Problem requirements – Quote, word for word, the line containing "Make sure to" and all lines that follow it to the end of the records, with no pictures.

Source data –
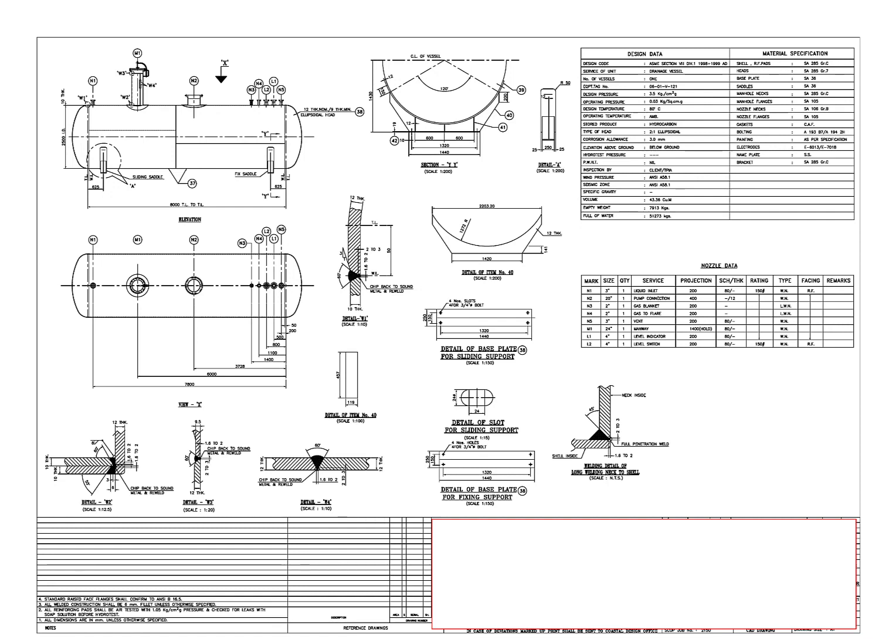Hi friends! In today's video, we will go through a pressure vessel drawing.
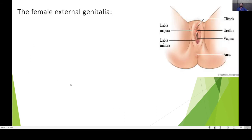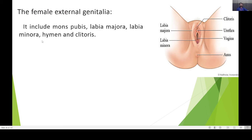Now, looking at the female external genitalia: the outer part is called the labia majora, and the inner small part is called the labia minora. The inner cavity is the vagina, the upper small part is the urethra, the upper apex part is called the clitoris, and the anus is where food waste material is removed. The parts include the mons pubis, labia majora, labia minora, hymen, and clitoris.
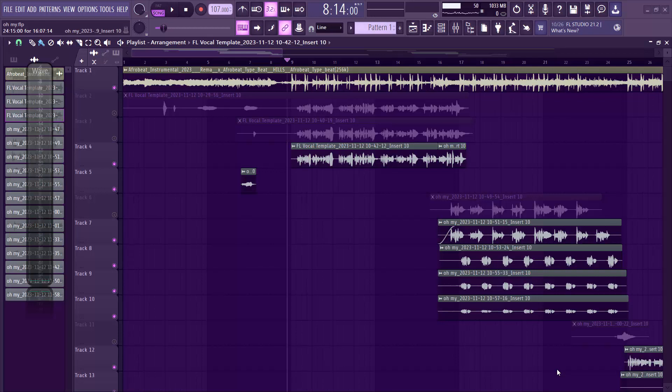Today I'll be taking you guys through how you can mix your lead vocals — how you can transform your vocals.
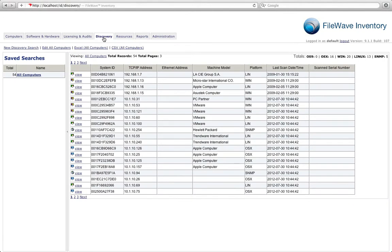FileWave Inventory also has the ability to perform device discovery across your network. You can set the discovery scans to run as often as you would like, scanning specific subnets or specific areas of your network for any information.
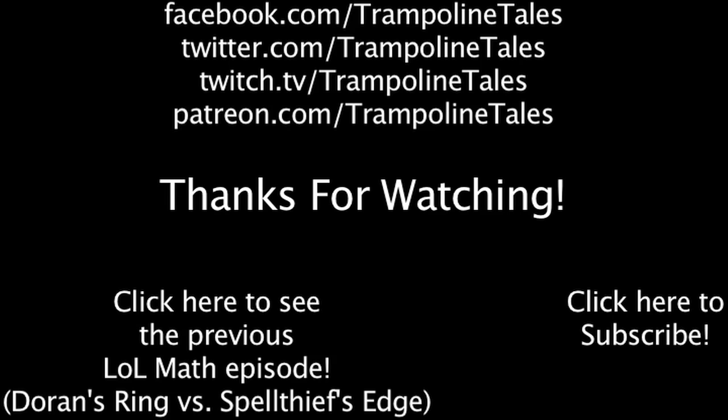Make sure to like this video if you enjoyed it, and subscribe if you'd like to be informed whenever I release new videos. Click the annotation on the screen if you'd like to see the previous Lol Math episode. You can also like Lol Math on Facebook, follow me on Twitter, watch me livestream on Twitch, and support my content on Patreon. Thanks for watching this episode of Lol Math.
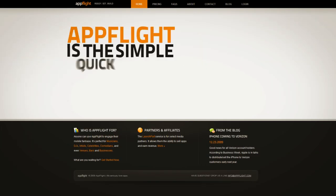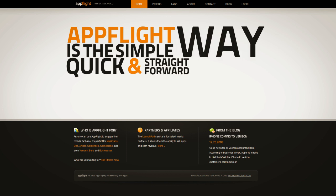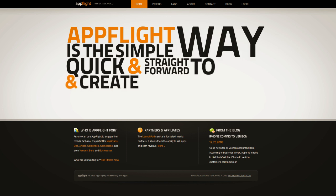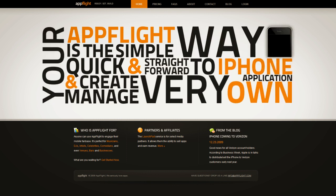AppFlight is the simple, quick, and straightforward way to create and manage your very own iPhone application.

Solution to the problem –
Make sure to like this video if you enjoyed it, and subscribe if you'd like to be informed whenever I release new videos. Click the annotation on the screen if you'd like to see the previous Lol Math episode. You can also like Lol Math on Facebook, follow me on Twitter, watch me livestream on Twitch, and support my content on Patreon. Thanks for watching this episode of Lol Math.
AppFlight is the simple, quick, and straightforward way to create and manage your very own iPhone application.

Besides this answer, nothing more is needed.